▶ Task description:
All lines of the records below that contain the word "Jersey" must be listed.

• • • • •

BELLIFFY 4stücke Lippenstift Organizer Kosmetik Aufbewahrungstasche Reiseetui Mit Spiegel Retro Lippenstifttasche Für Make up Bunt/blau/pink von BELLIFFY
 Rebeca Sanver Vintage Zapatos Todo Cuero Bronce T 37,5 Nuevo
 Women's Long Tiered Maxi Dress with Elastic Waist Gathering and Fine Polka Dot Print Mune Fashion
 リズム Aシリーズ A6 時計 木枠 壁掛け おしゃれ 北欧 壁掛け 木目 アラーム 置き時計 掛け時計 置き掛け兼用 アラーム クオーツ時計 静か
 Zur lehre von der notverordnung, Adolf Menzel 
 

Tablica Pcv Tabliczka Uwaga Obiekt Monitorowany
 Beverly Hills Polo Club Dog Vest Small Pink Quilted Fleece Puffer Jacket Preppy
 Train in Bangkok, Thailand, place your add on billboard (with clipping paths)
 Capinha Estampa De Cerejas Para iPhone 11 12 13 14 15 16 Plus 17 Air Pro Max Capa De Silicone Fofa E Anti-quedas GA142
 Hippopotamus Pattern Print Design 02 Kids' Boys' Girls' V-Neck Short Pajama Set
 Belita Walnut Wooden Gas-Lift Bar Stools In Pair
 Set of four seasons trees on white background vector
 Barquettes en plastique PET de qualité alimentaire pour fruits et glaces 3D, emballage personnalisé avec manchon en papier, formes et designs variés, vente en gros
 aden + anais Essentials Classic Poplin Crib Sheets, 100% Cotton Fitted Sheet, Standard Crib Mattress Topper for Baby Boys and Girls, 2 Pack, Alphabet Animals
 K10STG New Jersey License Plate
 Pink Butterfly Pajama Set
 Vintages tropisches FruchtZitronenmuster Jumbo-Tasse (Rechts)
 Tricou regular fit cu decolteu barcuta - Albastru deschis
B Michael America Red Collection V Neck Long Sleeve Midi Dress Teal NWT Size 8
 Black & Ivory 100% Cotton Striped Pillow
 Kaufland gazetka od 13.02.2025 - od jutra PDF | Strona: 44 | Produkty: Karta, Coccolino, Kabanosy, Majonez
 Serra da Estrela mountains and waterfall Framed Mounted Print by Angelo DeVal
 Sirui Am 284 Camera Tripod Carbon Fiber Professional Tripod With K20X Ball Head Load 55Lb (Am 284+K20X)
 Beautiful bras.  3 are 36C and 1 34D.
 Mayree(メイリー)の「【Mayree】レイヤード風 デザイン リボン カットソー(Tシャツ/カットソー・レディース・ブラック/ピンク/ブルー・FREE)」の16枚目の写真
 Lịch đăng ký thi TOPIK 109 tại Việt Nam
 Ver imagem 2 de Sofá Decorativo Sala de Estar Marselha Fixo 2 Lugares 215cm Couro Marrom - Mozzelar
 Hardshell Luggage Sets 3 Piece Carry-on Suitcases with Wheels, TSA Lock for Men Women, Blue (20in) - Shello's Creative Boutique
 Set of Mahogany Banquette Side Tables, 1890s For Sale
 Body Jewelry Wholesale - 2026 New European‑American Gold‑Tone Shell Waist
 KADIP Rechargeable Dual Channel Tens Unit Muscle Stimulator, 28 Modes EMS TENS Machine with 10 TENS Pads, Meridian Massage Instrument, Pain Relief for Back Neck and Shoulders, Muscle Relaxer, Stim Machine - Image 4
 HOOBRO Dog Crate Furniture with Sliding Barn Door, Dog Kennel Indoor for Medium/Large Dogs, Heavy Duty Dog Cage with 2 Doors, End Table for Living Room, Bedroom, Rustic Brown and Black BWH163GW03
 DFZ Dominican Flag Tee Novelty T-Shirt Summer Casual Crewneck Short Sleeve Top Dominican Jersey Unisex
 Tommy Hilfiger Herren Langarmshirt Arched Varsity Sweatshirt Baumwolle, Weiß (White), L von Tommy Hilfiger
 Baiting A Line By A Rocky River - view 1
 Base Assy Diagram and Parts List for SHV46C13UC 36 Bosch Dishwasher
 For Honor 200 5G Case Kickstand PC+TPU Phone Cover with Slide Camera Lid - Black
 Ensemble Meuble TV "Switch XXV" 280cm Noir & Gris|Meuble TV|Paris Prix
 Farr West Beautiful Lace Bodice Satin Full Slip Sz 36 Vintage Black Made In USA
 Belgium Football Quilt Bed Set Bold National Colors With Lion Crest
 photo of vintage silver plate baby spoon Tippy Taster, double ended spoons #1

• • • • •

▶ Response to the exercise:
 K10STG New Jersey License Plate
 DFZ Dominican Flag Tee Novelty T-Shirt Summer Casual Crewneck Short Sleeve Top Dominican Jersey Unisex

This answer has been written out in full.